Hsiu-Chuan Lee, Chih-Hsiang Hsu and Cheng-Yi Chien
The purpose of this paper is to investigate volatility spillovers across the interest rate swap markets of the G7 economies, and then the authors investigate whether spillovers of…
Abstract
Purpose
The purpose of this paper is to investigate volatility spillovers across the interest rate swap markets of the G7 economies, and then the authors investigate whether spillovers of swap markets contain useful information to explain subsequent stock price movements.
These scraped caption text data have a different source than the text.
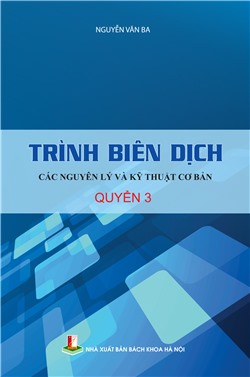 Trình biên dịch - Các nguyên lý và kỹ thuật cơ bản Quyển 3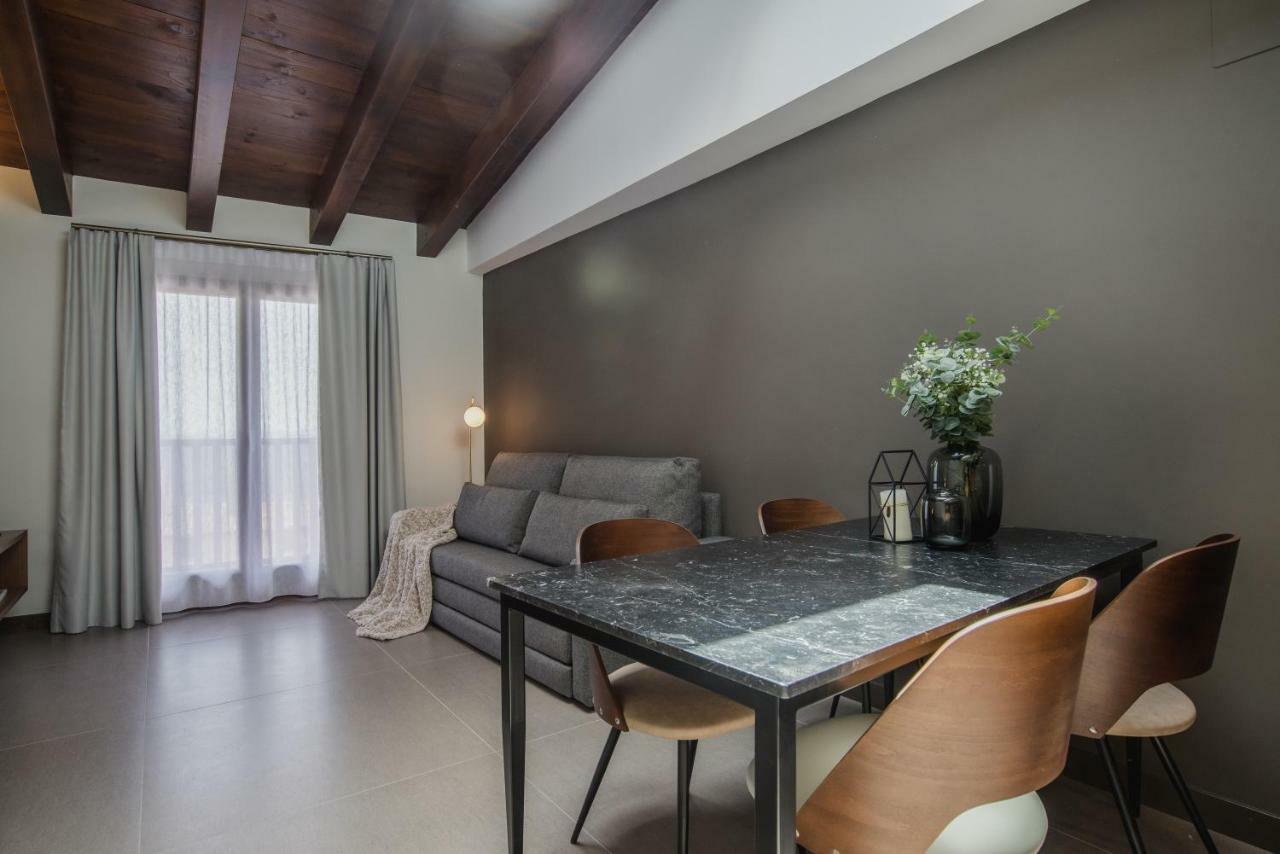 Seidia By Casalea Appartement Morella Buitenkant foto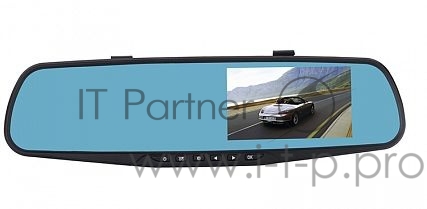 Видеорегистратор Lexand LR30 Dual черный 2Mpix 1080x1920 1080p 140гр. AX3282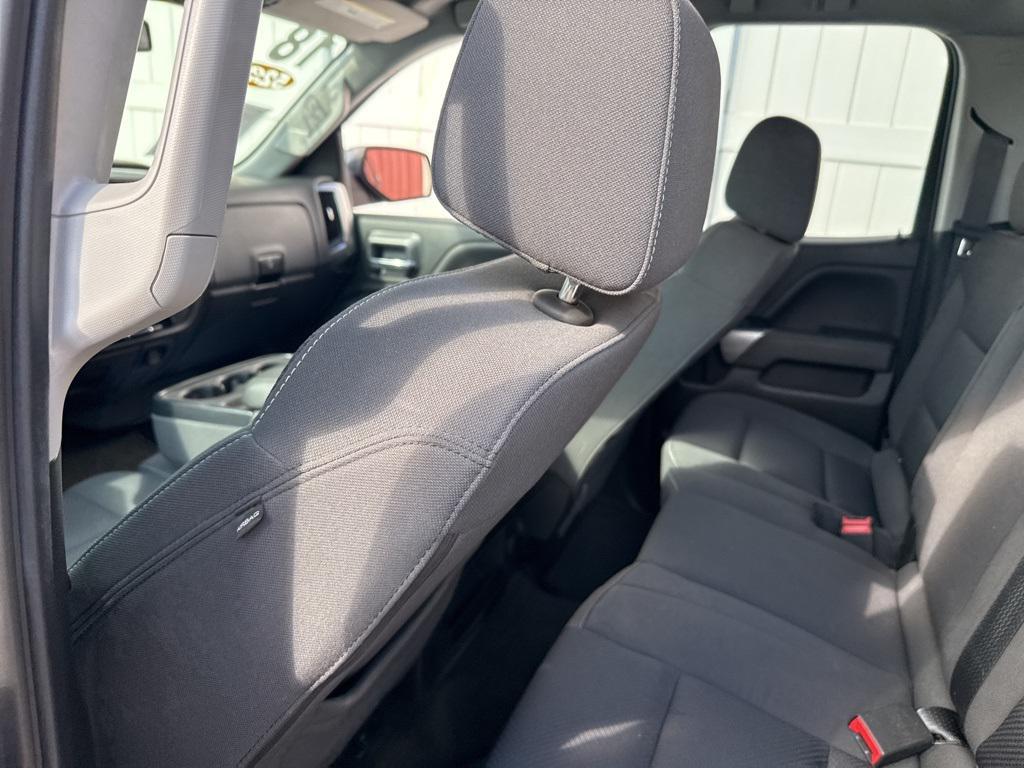 used 2018 Chevrolet Silverado 1500 car, priced at $28,997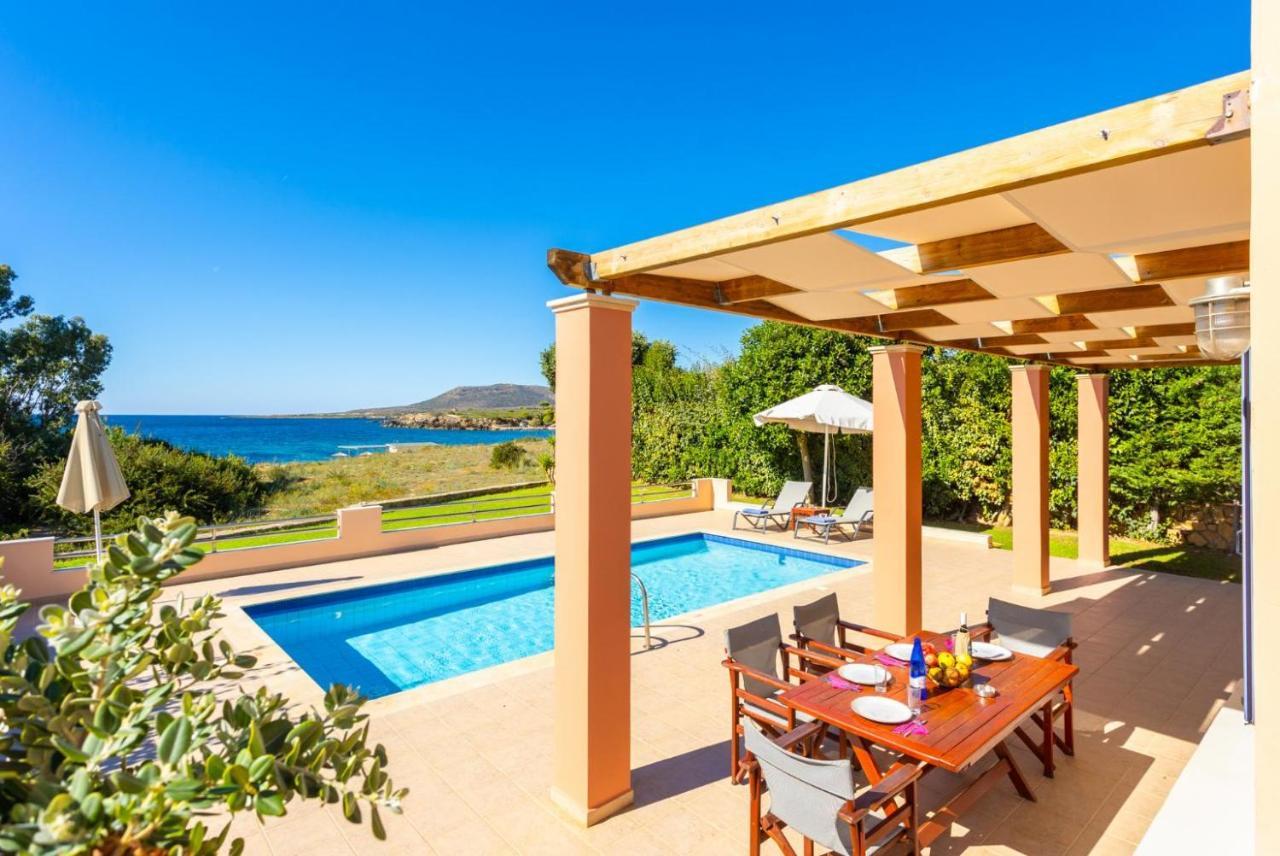 Antigoni Beach House Kounopetra Exterior foto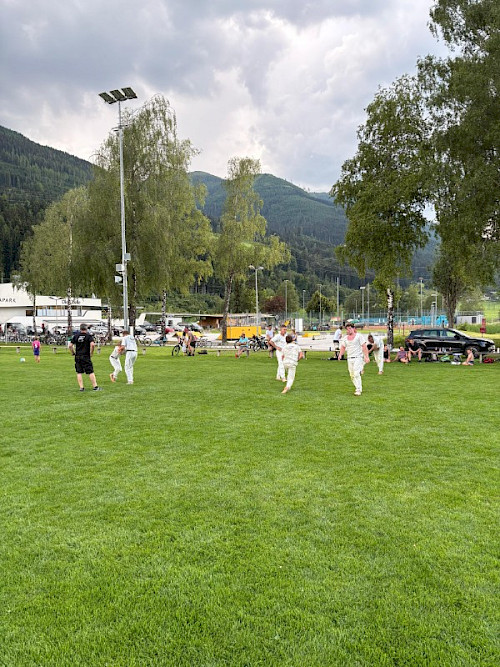 2. Landestraining in Niedernsill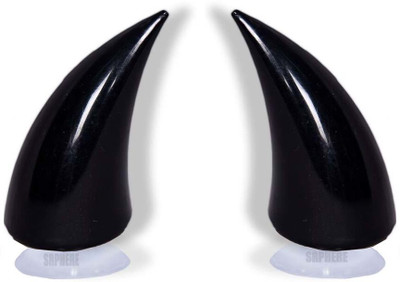 SRPHERE Helmet Mohawk for Bike(Black)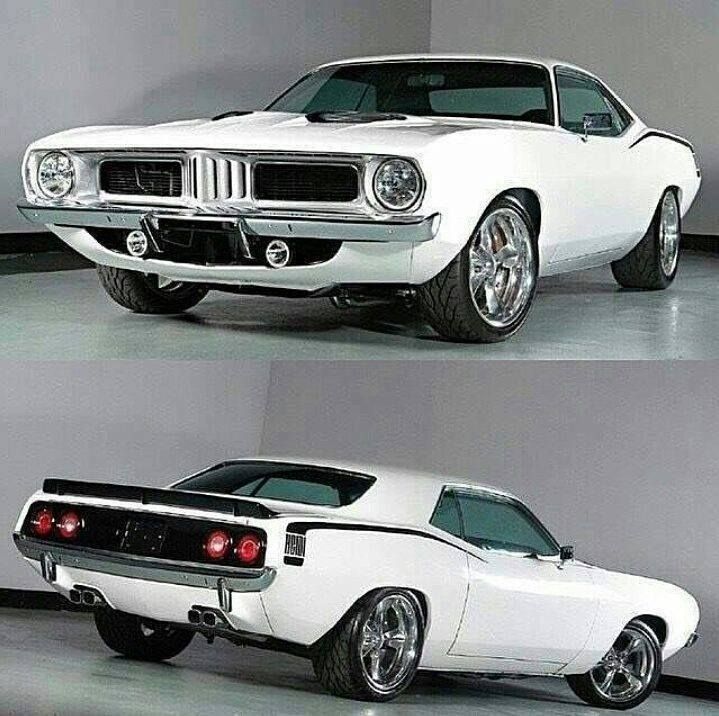 Today is Cuda day

#Mopar #Plymouth #barracuda #cuda #v8 #AmericanMuscle #classiccars #Automotive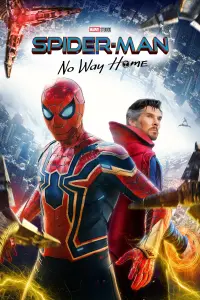 Poster to the movie "Spider-Man: No Way Home" #3449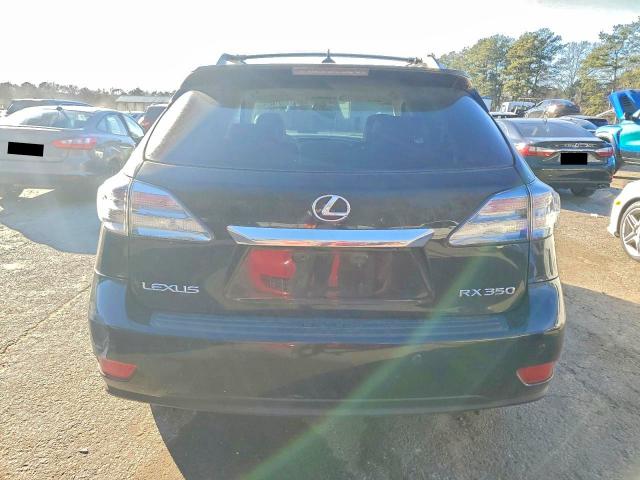 Фото 6 с аукциона – 2010 LEXUS RX 350 с VIN 2T2ZK1BA2AC008620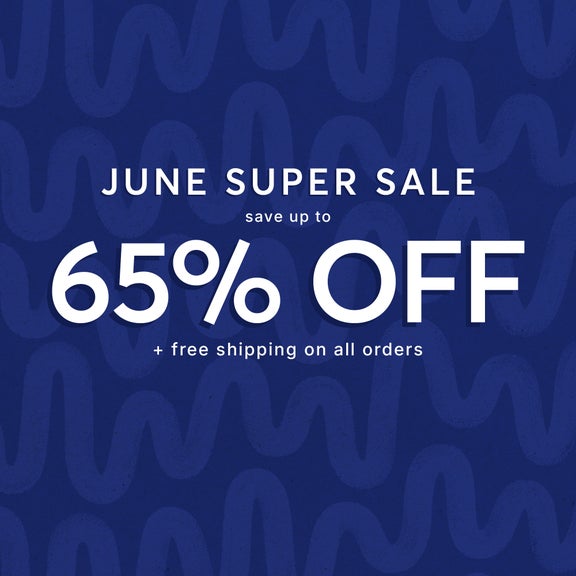 June Super Sale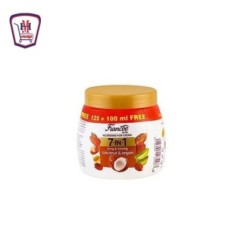 فيانسيه كريم شعر جوز الهند والارجان 225 مللى 225 مل من فيا | هايبر موس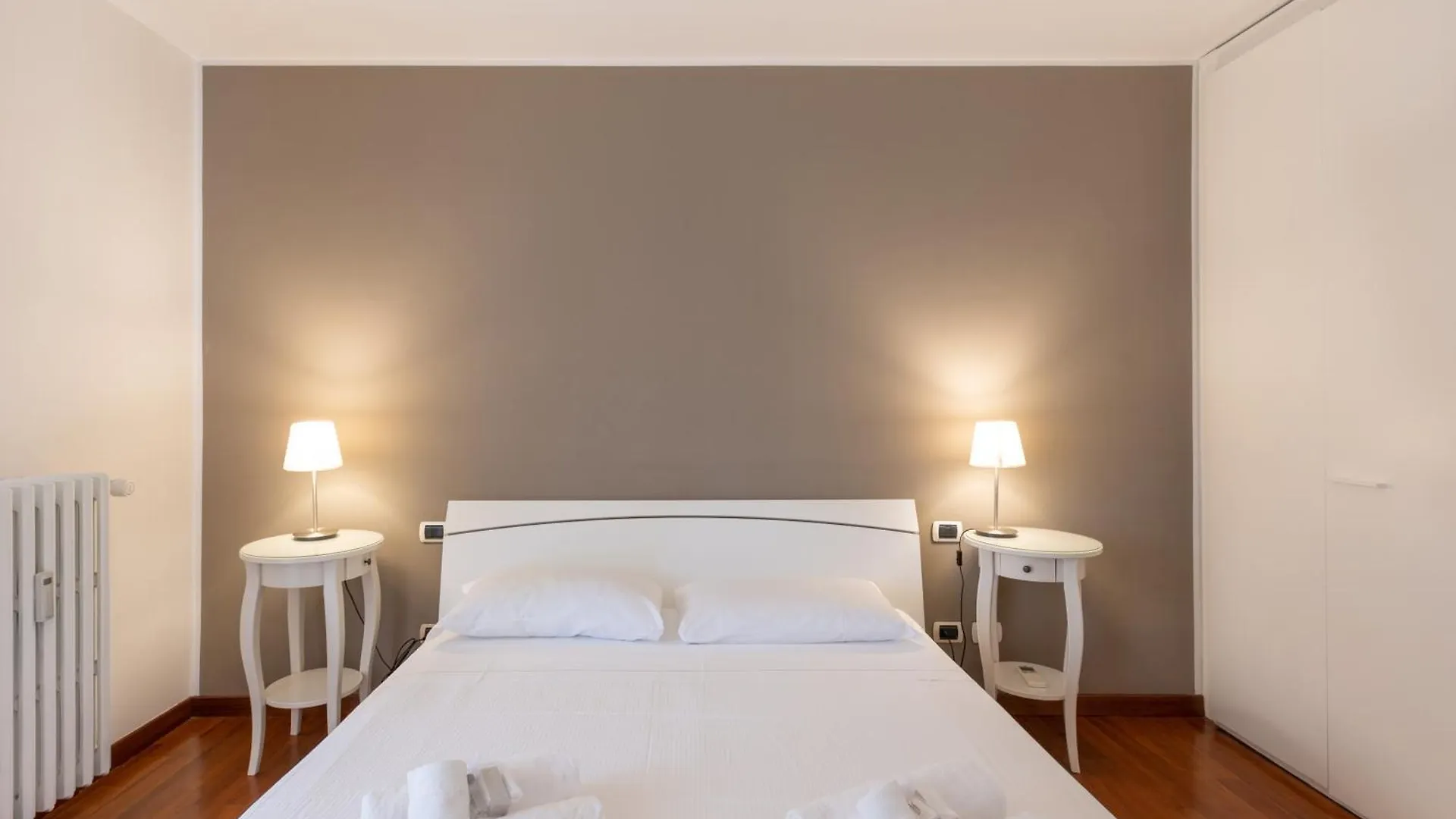 Apartman Ampio Bilocale City Life - Mirable Pm Milánó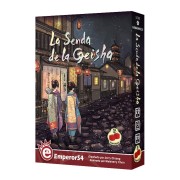 La senda de la Geisha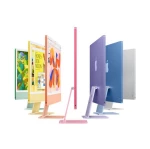 Apple iMac 24-inch with Retina 4.5K display: M4 chip with 10c CPU and 10c GPU, 24GB, 512GB - Pink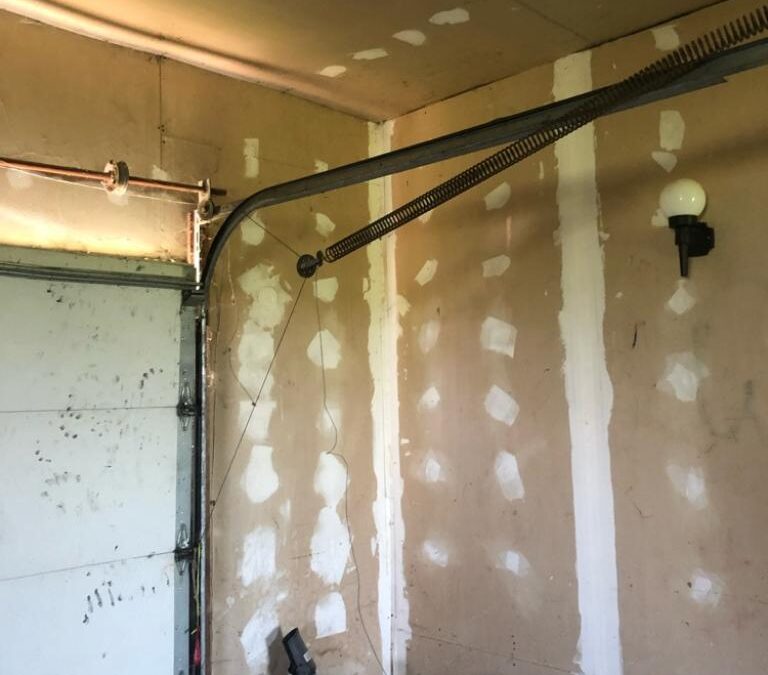 Garage Door Spring Replacement Bellevue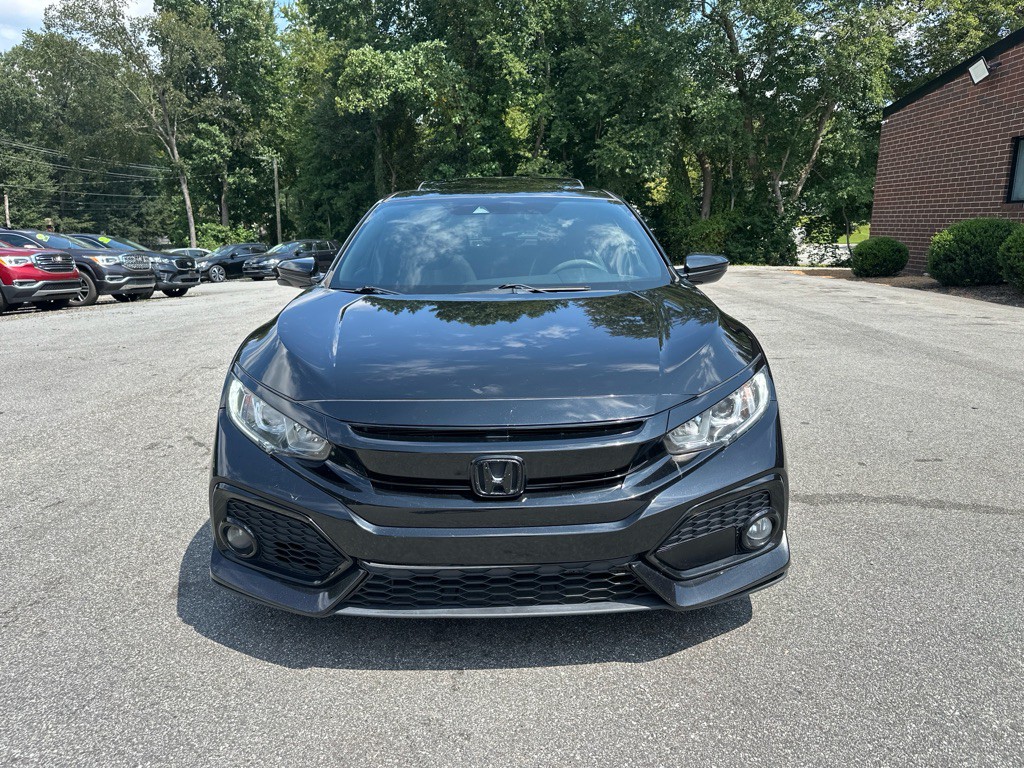 2019 Honda Civic Image 3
Design/methodology/approach
This study uses the short- and long-term swap spread volatility of the G7 countries to explore the spillover effects of international swap markets, and then investigates the relationship between swap and stock markets. The authors use the generalized VAR approach suggested by Diebold and Yilmaz (2012) to study spillovers of international swap markets. The Granger-causality tests are employed to examine the linkage of interest rate swap and stock markets.
Findings
This paper shows that a moderate spillover effect exists for the short- and long-term swap markets. Moreover, the results show that the short- and long-term swap markets of France and Germany have a larger impact on other countries’ swap markets than that of other countries’ swap markets on the French and German swap markets. Finally, the results indicate that the total volatility spillovers for the long-term swap markets have a larger influence on the total volatility spillover index of stock markets and the global stock market volatility than that of the short-term swap markets.
Originality/value
Prior literature has used impulse response and variance decomposition analyses to investigate international swap markets linkages. However, the results depend on the ordering of variables. This study uses the framework of Diebold and Yilmaz (2012) to overcome the ordering issue, and thus the authors can compute directional spillovers. This paper is the first study to explore the linkage of the total volatility spillover of swap markets and the stock markets.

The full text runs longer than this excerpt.